Make an exact copy of the records, with the pictures left out.
- - -
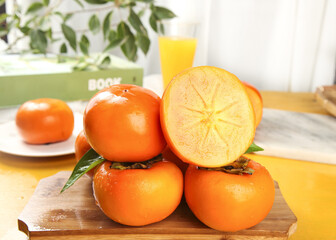 Fresh Fuping Persimmons on Wooden Board - Detailed View of Crisp Orange Fruit Display with Cut Half Showing Interior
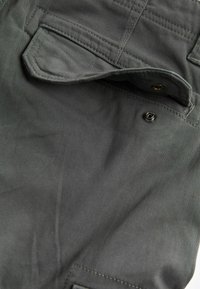 Dunkelgrauer Stoff mit glatter Textur, versehen mit einer Klapptasche, sichtbaren Nähten und einem metallischen Druckknopfdetail.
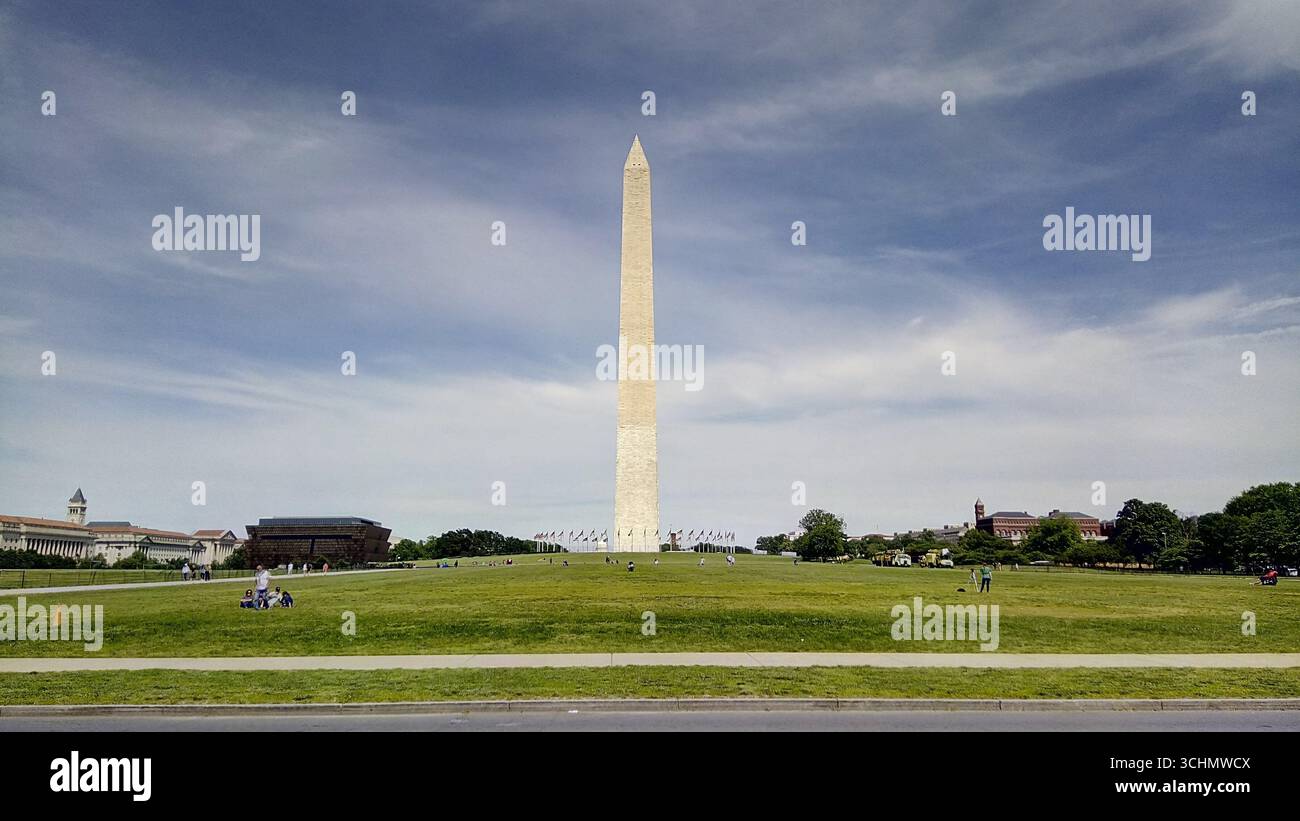 The Washington Monument towering over the National Mall, Washington D.C., with visitors enjoying the vast green lawn. Stock Photo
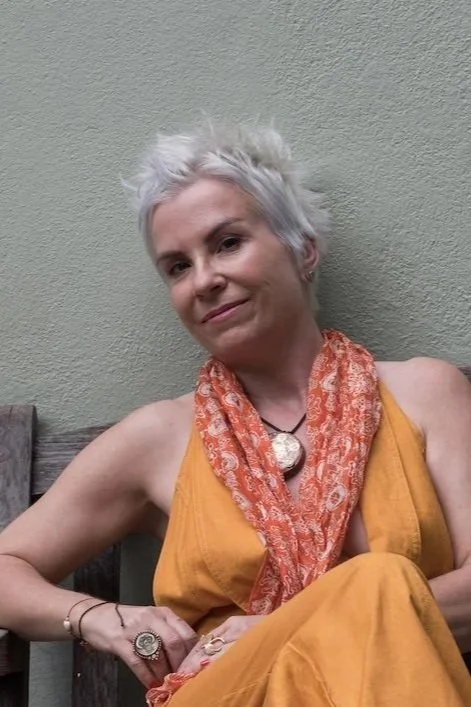 Woman with short white hair sitting against a green wall, wearing a yellow dress, orange scarf, and jewelry.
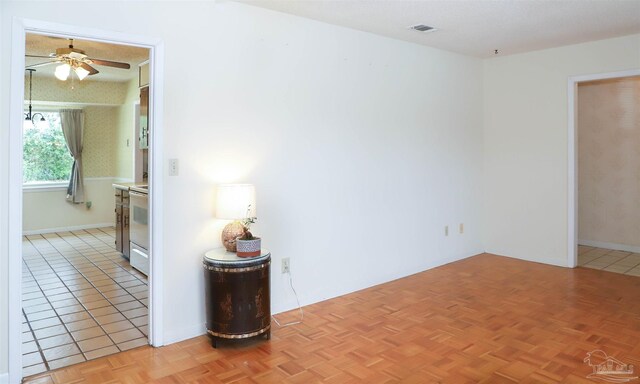 spare room featuring a ceiling fan, visible vents, a textured ceiling, and baseboards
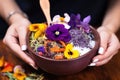 hand holding a spoon above an acai bowl garnished with edible flowers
- - -
## Exercise solution
 Fresh Fuping Persimmons on Wooden Board - Detailed View of Crisp Orange Fruit Display with Cut Half Showing Interior
 Dunkelgrauer Stoff mit glatter Textur, versehen mit einer Klapptasche, sichtbaren Nähten und einem metallischen Druckknopfdetail.
 The Washington Monument towering over the National Mall, Washington D.C., with visitors enjoying the vast green lawn. Stock Photo
 Woman with short white hair sitting against a green wall, wearing a yellow dress, orange scarf, and jewelry.
 spare room featuring a ceiling fan, visible vents, a textured ceiling, and baseboards
 hand holding a spoon above an acai bowl garnished with edible flowers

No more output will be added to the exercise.